Incentro, the Google Cloud services reseller that sued Twiga Foods to collect more than $261,000 in unpaid invoices, has resolved its dispute with the e-commerce startup, TechCabal has learned. The bill ballooned to $450,000. In December 2023, a Kenyan court gave both companies until March 13, 2024, to resolve the debt dispute after an earlier November deadline was missed.
A person close to the matter said both parties have now agreed to ask Google to cancel the original contract after Twiga’s new management team and Incentro Africa completed negotiations following the departure of Peter Njonjo, Twiga co-founder and CEO.
Incentro has agreed to withdraw the lawsuit and renegotiate the original contract terms with Google “in light of the current global economic climate,” said Zuber Momoniat, Twiga’s CFO.
Dennis de Weerd, Incentro’s CEO, confirmed that Momoniat was “instrumental in resolving the dispute and rekindling our partnership.”
Inside Twiga and Incentro’s debt dispute
While Incentro has not yet withdrawn the lawsuit, it has sent a letter committing to doing so once the negotiation with Google is settled.
Twiga’s contract with Incentro was a complex 4-party transaction that involved Google Cloud, Digicloud, a Google distributor, Incentro, the local Kenyan cloud service reseller and Twiga Foods.
Incentro agreed to provide cloud services worth $3 million to Twiga Food for three years beginning in mid-2022. In return for a long-term commitment, Google would offer Twiga Foods incentives and perks worth $200,000 through Incentro. To deliver this, Incentro signed a similar agreement with Digicloud, Google’s distributor, for $3 million worth of Google Cloud services over three years.
African companies that use Google Cloud sometimes opt for long-term contracts involving a reseller who manages their cloud account with Google to avoid direct billing on a credit or debit card.

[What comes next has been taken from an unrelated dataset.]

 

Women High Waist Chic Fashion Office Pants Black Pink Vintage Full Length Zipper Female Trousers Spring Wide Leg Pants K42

The reseller is responsible for delivering extra perks and incentives on behalf of Google Cloud.
According to Incentro’s September 2023 court filing, Twiga fell behind on monthly payments as the e-commerce firm adjusted its priorities from growth to profitability.

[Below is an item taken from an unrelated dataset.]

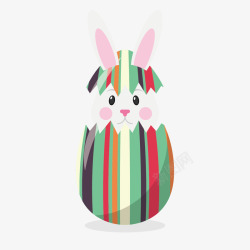兔子手扶彩色蛋彩色装饰复活节鸡蛋高清图片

Twiga and Incentro are now asking Google through Digicloud to redo the contract terms. De Weerd said this was what his company had been trying to get Twiga to agree to before the lawsuit.
African companies are still “small” customers
Africa only has a handful of big spenders, and cloud providers prioritise these few big spenders with $100 million in annual revenue, an Amazon Web Services employee told TechCabal. Startups are a distant second.

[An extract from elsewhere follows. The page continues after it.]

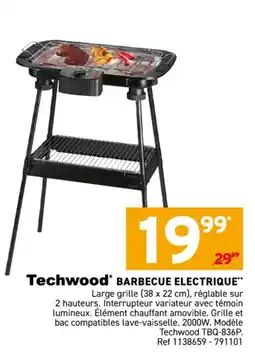 Trafic TECHWOOD Barbecue electrique" offre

However, African startup executives whose companies rely on global providers are struggling with the increasing amounts they have to shell out for cloud services. In many cases, weakening local currencies are responsible for the increases even when cloud providers keep their prices unchanged.
“I will take having to pay local cloud cost with the same level of security with +92% uptime over 99.9% uptime and rising dollar cost that could ultimately wreck my business,” Edmund Olotu, CEO and founder of Bloc, a business banking fintech, said on X.
Twiga’s case underscores a familiar problem facing African companies who try to save costs by entering long-term contracts with global cloud or SaaS providers. Global service providers are often inflexible if these companies run into difficulty and need custom support, a Kenyan cloud expert told TechCabal.